Prepulse conditions with greater-magnitude prepulse sounds and shorter delays produced greater scaling of the baseline startle curve (Fig. 2d, e). To quantify this effect, for each rat we fit lines to the PPI scaling parameters when compared with the prepulse sound intensity (Fig. 2d) and delay (Fig. 2e). We then analyzed the distribution of slopes across all rats, and we found that the distribution mean was significantly nonzero (p < 10–8, t test) (Fig. 2f). This indicates that both sound scaling and startle scaling increase with increased prepulse sound intensity and with decreased delay.

We then verified that the parameters obtained from an individual animal’s model fit were distinct from the parameters that best fit the other animals. We swapped each rat’s best-fit parameter set with the best-fit parameter set from the other rats in the same experiment, and recomputed the model-fitting error for the startle data for each rat (see Materials and methods) (Fig. S3a, left). Using the parameter sets from the different rats resulted in a median increase in model-fitting error of 0.179, which is more than four times the median best-fit error of 0.043 (p < 10−269, one-sided Wilcoxon signed-rank test) (Fig. S3a). This indicates that the model fits for individual animals yielded distinct parameters, allowing us to compare and interpret the parameter values for individual animals.

Importantly, our model greatly reduces the number of parameters required to understand PPI across a range of startle sounds. This is because our model has only two parameters—startle scaling and sound scaling—that describe how the animal’s entire baseline startle curve is modified. In contrast, the PPIratio represents only a point of the startle curve at a single startle sound level, so many different PPIratio values would be required to describe the animal’s PPI across a range of startle sounds.

Furthermore, everything described above is the case for different background sound levels, different animal ages, and different types of prepulse modifications (i.e., changing delay between the prepulse and startle sounds, and changing the intensity of the prepulse startle sounds) (see Supplementary Methods). Thus, the model represents a novel characterization of the phenomenon of PPI that is robust across many different experimental conditions.

Analysis of group differences in model parameters

Up until this point, we have focused on an accurate understanding of the phenomenon of PPI for each individual animal in each prepulse condition. Each animal has three parameters describing its baseline startle curve, and an additional two parameters describing how each individual prepulse condition scales the baseline startle curve. Given that our model more accurately describes the phenomenon of PPI, we next sought to determine if it could provide a consistent description of the presence or absence of group differences. Therefore, for two cohorts of Fmr1 KO and WT rats we evaluated whether these groups of animals differed in the five-dimensional space of these model parameters for each of the prepulse conditions.
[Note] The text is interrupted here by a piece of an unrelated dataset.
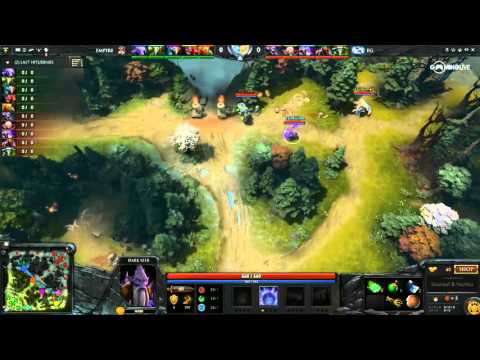 [WePlay Saison 3] Team Empire vs EG - Game 1 - Dota 2 FR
Given that PPI can be affected by individual-animal factors, such as age [30,31,32], experience [43, 44], and strain [28, 29], we restricted our analyses of group differences to animals controlled for age and behavioral experience whose data were collected at roughly the same time. We first compared two cohorts of Fmr1 KO (n = 18) and littermate WT male (n = 16) rats, along with a cohort composed of all WT males (n = 12) matched for age and experimental conditions with the first Fmr1 KO cohort. The two Fmr1 KO cohorts differed in age (Materials and methods) and experienced different prepulse conditions. These cohorts were therefore not directly compared within prepulse conditions.

For each prepulse condition, we asked whether the model parameters distinguished between the groups. The five parameters for each animal in each group can be thought of as a point in a five-dimensional space (Fig. 3a), and we therefore used a linear discriminate analysis (LDA) to identify the hyperplane that best linearly separates the points associated with one group from those associated with the other. To quantify the group linear separability, we computed both the mean absolute distance of the points from each group to the LDA hyperplane and the accuracy of cross-validated predictions of group membership (see Materials and methods).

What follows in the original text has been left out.